In this blog post, we will present the latest bot, the main idea for this bot is to use the transfers made between addresses as information to find addresses belonging to scammers, but still not flagged as such. The labelled addresses labelled are used as the base for the propagation, and new addresses can be flagged before they are involved in malicious activity. We will explain this new approach in a general way, without going too deep into the technical details.

The scammer label propagation bot runs based on two techniques: Graph neural networks, a type of deep learning model that use the additional information that can be found in graphs to improve its predictions capabilities; and semi-supervised learning, a type of machine learning used when each training observation does not necessarily have a label.

Graph Neural Networks

In order to use graph neural networks, we need to generate a graph. This bot will generate a graph around a known scammer. That is, once a scammer is labelled with a high level of confidence, the bot will try to find all the other potential addresses which belong to the scammers.

Once the scammer has been labelled, the first step is to obtain all the addresses that had some transaction with the central scammer. For the first version of this bot, a transaction only covers direct ETH transactions and ERC20 tokens transactions. For each of the addresses found, we collect a summary of their complete transaction history. This includes the number of transactions in/out, average value, max value and total value for both eth and ERC20 tokens. Each of the addresses will be a node in our graph, and the summary is what we will use as node features.
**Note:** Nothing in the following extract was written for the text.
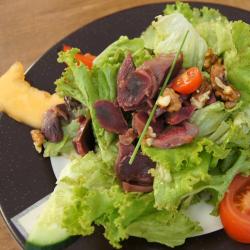 Salade de tagliatelles de courgettes et de magret de canard. Cette salade de courgette est agrémentée de copeaux de parmesan et de tomates confites. Recette illustrée facile à faire pour tous.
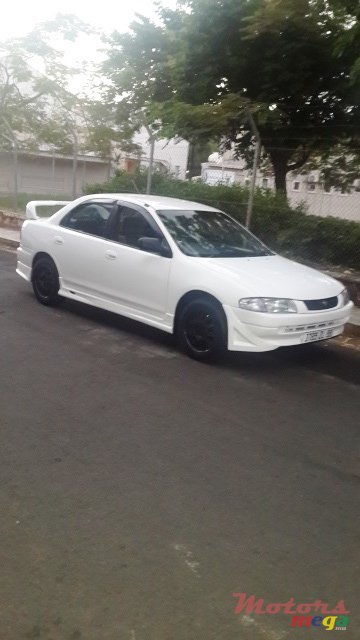 1998' Mazda 323 photo #1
After compiling the complete list of nodes, we need to obtain the edges between them. We will use a directional graph, that is, the origin and destination of the edge are relevant. This is important to understand who is generating a transaction and who is receiving it. We collect all the ETH and ERC20 transactions between any two nodes in our graph. All of these will be connected to the central scammer, but there will be extra transactions between the other nodes. Similarly to the nodes, we also collect some information about each of the edges. Instead of getting a summary of the whole address, we get a summary of all the transactions corresponding to the particular edge. For example, if there is an edge going from node A to node D, we will collect the number of transactions, total, average and max value sent from A to D. We will call this data edge features.

We will use the node features and the edge features as the input for our model. For this application, we are using a custom Graph Neural Network. The model consists of two layers of TransformerConvolution and two dense layers. The model is implemented in Python, using PyTorch and PyTorch geometric for the graph layers. The architecture of the model looks as follows:

Now we have prepared the input data and the model to make the predictions. But we still need a critical component: The labels of the addresses. Without them, the model can’t learn to differentiate between victims and attackers.

Semi-supervised learning

Once we have the list of nodes and edges, we will use the labels to train the model. These labels are generated by other bots in the network. After querying the labels, the graph will look like this:

We can see that we have labels in five of the nodes. In a real graph, the percentage of nodes with labels would be much lower (in relation to the total number of nodes). This presents a problem: Our model can’t be trained using supervised learning, a learning method based on training the model in a complete set of data and letting it predict previously unseen data.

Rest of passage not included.